Bunt ist die Welt, von der Gücyeter, der auch als Schauspieler und Regisseur arbeitet, erzählt. Ein staunendes, empfindsames Kind auf Brettern, die nicht notwendigerweise die Welt bedeuten, Leben, Tod und Poesie aber allemal. Bunt ist auch das Leben des Dichters: "ein mutterloser Vogel war ich in fremden Ländern/ eine Widmung an die Heimat blieb immer in meinen Liedern". Das Gewicht des Lebens, lautet seine Einsicht, "... hieß aber Liebe, die in uns schmerzt/ auf dem vom Leben befleckten Kragen". Der Dichter stellt sich den großen Fragen der Menschheit nach Vaterland, Mutterland, Heimat und Sprache wie einer für sich selbst formulierten Aufforderung: "stille die hungernden Augen meiner Kindheit".
Er zweifelt: "wer weiß, vielleicht sollte jeder vor seiner Geburt Angst haben". Er erkennt: "denn die Hoffnung stirbt nicht, ich frage mich, wer will was töten?" Und er fragt ungeniert: "wer will lachen, wer weinen?" Oder auch: "wofür ist ein Leben ohne Freiheit, ohne die erste Liebe brauchbar?"
Er erfährt Leben und Welt, Tag und Nacht, Liebe und Einsamkeit, dichtet: "in einem nicht angekommenen Brief suchst du das Glück". Oder: "die Melonenkerne streust du auf alle Ecken/ du hoffst, das Leben wird sich vermehren". Er lernt Verzweiflung ebenso kennen wie Lust: "du, die Hure meines Inneren." "Das verschwommene Schicksal all meiner Masken" ebenso wie die Sehnsucht: "gefesselt sehne ich mich danach, das Wesen eines Steins zu sein."
Er lebt, arbeitet, schreibt, liebt und hofft. Er ist einer, der, dem Leben zugewendet, Gedichte schreibt, von denen er sagen kann: "sei gewiss:/ auch die Gedichte werden für mich/ die Reife nicht versprechen können".

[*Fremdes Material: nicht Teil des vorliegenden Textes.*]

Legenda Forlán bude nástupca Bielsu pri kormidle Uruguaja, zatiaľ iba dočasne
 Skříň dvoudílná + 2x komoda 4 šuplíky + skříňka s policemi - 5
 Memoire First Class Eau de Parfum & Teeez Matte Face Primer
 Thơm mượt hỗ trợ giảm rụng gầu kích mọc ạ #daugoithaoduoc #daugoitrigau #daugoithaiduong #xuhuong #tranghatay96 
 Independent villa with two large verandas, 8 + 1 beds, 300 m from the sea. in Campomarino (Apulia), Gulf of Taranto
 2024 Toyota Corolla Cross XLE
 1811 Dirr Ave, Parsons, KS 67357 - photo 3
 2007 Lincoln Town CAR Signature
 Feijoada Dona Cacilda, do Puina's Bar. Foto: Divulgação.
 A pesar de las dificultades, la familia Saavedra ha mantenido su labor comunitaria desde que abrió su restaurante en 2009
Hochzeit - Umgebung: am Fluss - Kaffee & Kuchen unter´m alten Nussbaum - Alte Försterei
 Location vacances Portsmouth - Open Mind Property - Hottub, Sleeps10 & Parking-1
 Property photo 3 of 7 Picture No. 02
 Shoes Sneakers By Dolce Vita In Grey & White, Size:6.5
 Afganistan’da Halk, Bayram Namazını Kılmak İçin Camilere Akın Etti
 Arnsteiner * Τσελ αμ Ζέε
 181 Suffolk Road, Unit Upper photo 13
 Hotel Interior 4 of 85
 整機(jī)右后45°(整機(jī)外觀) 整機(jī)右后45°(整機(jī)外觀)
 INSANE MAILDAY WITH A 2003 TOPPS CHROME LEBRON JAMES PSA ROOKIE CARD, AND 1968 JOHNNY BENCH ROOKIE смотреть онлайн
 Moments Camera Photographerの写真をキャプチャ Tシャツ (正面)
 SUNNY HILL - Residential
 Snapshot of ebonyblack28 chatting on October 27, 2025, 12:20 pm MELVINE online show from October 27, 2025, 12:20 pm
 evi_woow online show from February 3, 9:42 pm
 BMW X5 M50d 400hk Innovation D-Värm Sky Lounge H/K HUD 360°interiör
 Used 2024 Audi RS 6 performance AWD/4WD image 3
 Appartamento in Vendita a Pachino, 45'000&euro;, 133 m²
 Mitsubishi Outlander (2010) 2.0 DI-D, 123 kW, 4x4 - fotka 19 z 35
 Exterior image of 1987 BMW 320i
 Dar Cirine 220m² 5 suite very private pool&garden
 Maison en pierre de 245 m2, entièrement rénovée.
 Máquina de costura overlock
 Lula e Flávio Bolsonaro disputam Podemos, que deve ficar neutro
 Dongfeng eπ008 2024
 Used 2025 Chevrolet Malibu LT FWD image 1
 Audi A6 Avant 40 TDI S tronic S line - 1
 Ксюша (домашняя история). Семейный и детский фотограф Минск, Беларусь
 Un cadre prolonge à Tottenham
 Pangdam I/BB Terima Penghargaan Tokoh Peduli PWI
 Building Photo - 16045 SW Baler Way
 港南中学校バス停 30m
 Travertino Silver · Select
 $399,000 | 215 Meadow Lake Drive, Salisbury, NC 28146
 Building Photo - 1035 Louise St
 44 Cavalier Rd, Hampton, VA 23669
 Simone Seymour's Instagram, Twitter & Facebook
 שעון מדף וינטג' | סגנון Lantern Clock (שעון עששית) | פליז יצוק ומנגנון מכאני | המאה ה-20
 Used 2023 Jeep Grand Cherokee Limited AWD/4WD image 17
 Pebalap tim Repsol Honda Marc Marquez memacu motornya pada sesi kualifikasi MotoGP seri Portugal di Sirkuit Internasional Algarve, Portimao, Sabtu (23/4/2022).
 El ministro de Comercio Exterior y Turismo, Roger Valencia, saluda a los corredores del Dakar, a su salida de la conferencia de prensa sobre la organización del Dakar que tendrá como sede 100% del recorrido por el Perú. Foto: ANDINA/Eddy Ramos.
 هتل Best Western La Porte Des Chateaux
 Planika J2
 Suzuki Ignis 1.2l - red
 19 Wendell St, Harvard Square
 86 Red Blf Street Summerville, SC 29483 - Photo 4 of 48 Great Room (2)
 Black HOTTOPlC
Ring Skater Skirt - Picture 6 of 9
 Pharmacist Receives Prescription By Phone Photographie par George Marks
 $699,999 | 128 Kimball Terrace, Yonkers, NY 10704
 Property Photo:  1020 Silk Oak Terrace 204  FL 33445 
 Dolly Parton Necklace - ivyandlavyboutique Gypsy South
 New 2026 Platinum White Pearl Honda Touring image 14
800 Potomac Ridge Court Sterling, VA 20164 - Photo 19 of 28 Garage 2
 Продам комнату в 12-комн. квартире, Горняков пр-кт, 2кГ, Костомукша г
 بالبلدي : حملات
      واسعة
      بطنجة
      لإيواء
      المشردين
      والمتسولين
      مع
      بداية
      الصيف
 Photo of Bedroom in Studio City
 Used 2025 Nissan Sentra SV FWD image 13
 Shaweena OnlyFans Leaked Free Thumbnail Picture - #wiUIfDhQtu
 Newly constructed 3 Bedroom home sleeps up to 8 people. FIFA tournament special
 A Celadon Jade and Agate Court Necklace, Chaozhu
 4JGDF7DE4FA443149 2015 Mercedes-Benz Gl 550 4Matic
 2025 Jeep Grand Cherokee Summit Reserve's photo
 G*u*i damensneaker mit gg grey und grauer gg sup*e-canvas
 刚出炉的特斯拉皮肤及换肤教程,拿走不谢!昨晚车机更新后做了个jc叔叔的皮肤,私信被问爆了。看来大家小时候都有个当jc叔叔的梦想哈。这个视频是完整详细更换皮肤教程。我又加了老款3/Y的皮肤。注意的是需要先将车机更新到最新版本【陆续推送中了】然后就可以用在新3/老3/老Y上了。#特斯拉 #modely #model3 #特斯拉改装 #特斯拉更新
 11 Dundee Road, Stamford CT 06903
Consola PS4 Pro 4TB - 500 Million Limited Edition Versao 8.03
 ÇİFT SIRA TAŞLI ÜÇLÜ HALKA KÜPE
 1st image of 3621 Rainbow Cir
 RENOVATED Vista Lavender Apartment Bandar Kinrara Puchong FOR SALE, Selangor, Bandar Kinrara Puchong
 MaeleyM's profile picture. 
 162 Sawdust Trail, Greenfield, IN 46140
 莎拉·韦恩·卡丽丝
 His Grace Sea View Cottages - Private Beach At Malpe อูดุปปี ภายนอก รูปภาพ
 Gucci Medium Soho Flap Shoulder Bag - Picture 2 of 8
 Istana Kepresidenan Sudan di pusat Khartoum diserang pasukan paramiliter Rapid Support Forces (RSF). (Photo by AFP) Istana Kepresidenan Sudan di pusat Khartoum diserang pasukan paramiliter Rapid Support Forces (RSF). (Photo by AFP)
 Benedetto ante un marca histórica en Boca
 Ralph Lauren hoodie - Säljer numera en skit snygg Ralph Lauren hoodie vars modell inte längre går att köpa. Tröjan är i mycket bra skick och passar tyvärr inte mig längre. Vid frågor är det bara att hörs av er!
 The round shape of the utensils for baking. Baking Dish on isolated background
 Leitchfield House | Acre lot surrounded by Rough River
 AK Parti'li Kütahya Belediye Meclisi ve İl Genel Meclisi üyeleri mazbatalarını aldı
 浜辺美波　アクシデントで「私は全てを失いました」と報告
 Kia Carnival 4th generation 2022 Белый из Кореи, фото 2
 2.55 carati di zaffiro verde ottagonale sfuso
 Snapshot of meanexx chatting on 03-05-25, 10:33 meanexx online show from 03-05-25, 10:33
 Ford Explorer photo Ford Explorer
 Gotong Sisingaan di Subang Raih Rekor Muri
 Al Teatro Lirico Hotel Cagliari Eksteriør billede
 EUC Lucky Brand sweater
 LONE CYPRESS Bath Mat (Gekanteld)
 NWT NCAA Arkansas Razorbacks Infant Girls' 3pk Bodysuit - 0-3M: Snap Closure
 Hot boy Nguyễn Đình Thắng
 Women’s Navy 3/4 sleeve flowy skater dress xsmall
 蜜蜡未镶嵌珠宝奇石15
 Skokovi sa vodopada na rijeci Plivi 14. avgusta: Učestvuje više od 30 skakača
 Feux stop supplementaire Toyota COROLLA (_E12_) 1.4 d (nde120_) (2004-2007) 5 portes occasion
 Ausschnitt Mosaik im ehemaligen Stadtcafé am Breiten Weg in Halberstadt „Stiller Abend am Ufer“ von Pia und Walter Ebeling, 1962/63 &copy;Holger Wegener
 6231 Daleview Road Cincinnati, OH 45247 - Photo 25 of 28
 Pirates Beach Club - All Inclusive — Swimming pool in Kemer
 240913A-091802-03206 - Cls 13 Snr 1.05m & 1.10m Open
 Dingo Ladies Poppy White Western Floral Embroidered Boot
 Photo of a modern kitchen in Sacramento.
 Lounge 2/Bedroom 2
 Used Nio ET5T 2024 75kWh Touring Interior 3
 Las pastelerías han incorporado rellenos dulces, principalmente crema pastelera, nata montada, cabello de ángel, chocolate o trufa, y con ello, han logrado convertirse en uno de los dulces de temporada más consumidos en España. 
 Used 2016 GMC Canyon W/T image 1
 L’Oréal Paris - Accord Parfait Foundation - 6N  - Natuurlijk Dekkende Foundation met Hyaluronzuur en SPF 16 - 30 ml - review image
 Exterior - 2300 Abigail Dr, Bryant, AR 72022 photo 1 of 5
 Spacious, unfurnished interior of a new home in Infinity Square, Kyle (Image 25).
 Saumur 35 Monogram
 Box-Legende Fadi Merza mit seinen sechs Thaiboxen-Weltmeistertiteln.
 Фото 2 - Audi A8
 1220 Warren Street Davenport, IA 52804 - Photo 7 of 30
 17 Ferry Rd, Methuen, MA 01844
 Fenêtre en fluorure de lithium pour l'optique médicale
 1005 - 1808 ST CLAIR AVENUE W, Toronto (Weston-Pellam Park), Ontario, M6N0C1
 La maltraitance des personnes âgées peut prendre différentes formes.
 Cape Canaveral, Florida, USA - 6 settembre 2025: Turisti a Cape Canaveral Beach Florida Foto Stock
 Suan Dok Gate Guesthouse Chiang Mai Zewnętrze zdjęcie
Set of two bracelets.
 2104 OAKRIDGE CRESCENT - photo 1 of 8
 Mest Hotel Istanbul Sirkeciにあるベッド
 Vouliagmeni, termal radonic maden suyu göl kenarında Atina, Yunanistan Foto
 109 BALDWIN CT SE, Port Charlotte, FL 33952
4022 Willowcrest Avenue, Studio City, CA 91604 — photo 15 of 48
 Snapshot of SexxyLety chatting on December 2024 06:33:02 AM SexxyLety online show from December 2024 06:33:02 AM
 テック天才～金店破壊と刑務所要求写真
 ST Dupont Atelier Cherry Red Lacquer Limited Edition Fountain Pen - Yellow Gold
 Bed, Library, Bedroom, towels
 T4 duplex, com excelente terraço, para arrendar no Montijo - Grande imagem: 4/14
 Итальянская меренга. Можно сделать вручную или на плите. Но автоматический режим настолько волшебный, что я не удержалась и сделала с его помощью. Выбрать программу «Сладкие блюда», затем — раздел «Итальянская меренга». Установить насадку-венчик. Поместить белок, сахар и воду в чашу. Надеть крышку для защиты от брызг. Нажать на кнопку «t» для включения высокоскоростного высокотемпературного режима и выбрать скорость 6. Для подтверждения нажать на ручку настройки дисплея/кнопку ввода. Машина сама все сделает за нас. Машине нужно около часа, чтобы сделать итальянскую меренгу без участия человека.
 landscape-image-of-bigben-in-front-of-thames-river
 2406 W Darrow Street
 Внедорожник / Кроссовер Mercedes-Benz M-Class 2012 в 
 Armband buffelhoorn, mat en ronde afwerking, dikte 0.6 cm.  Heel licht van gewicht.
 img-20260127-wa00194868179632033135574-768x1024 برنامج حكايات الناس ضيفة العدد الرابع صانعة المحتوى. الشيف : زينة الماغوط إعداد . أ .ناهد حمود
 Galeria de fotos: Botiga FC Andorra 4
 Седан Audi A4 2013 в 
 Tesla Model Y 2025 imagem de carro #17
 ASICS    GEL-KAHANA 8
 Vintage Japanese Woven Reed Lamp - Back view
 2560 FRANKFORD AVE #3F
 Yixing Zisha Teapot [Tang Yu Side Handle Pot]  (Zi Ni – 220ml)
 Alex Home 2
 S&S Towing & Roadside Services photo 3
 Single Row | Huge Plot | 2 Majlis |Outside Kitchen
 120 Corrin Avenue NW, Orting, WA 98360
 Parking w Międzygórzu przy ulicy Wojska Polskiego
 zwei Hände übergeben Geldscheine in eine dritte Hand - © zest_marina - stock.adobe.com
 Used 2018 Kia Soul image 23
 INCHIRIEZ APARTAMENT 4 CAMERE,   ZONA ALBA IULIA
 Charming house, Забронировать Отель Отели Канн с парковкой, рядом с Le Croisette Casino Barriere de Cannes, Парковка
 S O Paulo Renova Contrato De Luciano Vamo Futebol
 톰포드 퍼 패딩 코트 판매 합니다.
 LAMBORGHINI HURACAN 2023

Er beschreibt "die Seiten eines kindischen Tagebuchs" "als unendlich gedachte Jugend". Dincer Gücyeter, Dichter, Kind, Erdenkind, himmlisches Wesen und künftiger Vater, schreibt: "mein nichtgeborenes Kind!/ ich taufe dich 'Weggefährte'" und "ich hoffe, Kind, dass ich bis zu deiner Ankunft ein Kind bleiben werde".
Zweifelsfrei ist er es geblieben und wird es weiterhin bleiben, eine große Stimme im Konzert der Lyrik, eine große und außergewöhnliche, der ein glas leben, sein Glas Leben, bis zur Neige auskostet und von der Liebe schreibt, als habe er sie miterfunden: "immer bäumt sich deine Stimme in mir auf wie eine keuchende Stute". Und last not least: "sieh mich nicht so hinreißend an/ lass mich die Welt tilgen/ und als fremder Mann/ dir dieses Gedicht widmen". Diesen Gedichten gehört eine Bühne bereitet, eine andere als die karger Stille, eine, die prall ist, voller Menschenkinder, unerschütterlich leise und laut, ein Wurzelnest LEBEN.

 

Dincer Gücyeter: ein glas leben. Gedichte. 72 Seiten. Elif. Nettetal 2012. € 7,95.